Шевалье – Долмансе, сестрица, недавно исполнилось тридцать шесть лет; он высок ростом, весьма красив лицом, глаза у него очень живые и одухотворенные, однако в чертах против его воли проступает что-то немного тяжеловатое и жестокое; у него самые красивые зубы, каких в целом свете не найдешь, некотрая томность в фигуре и движениях, объеснимая без сомнения привычкою так часто вести себя подобно женщине; крайне элегантен, обладает прекрасным голосом, возможными талантами и особенно большою философичностью ума.

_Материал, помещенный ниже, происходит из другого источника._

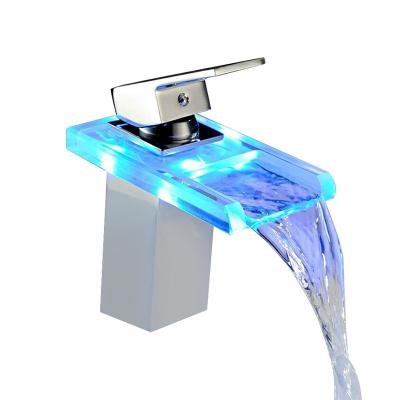 China Thermostatic Corlourful Basin Faucet Corlourful Waterfall Faucet Mixer Taps LED Glass Basin Mixer Taps Cold-Hot Mixer Taps Bathroom Faucets for sale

М. де С.-А. – Надеюсь, он не верит в бога.
Ш. – Ах! Ну о чем ты говоришь! Он – всем известный атеист, самый безнравственный из мужчин… О, это наиболее завершенная и полная развращённость, самая жестокая и испорченная личность, какая только может в мире существовать.

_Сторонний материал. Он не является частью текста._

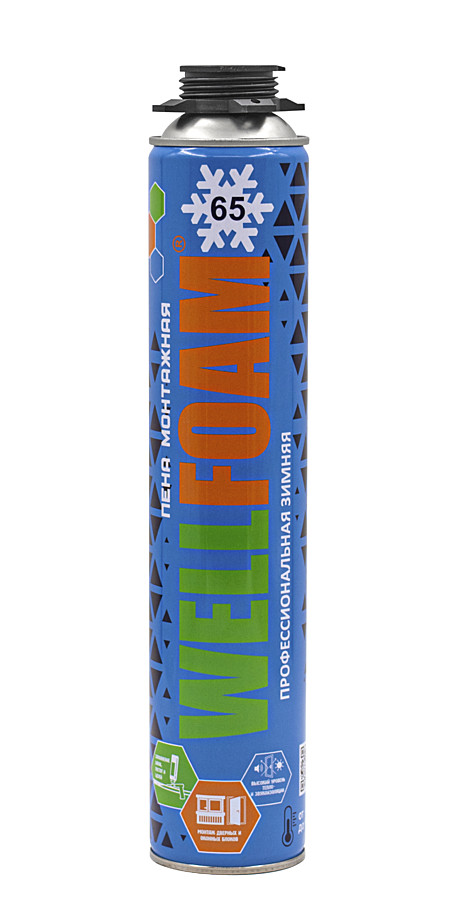 Пена монтажная WELLFOAM PRO 65 профессиональная зимняя 850мл 69-9-303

М. де С.-А. – Как все это меня возбуждает! Я буду в восторге от этого человека. А вкусы его, братец?
Ш. – Они тебе известны; содомские наслаждения милы ему и в активной и в пассивной роли; в своих удовольствиях он обожает одних лишь мужчин, и если изредка и соглашается испробовать женщин, то лишь при условии, что они также согласны изменить с ним своему полу. Я рассказывал ему о тебе, и предупредил о твоих намерениях; он принял предложение и в свою очередь предупреждает об условиях сделки. Я должен сказать тебе, сестрица, он наотрез откажется, если ты попытаешься увлечь его во что-то иное: «То, на что я соглашаюсь с вашей сестрой, – заявил он, – не более, чем уступка… отклонение, каким я себя пятнаю очень редко и с большими предосторожностями».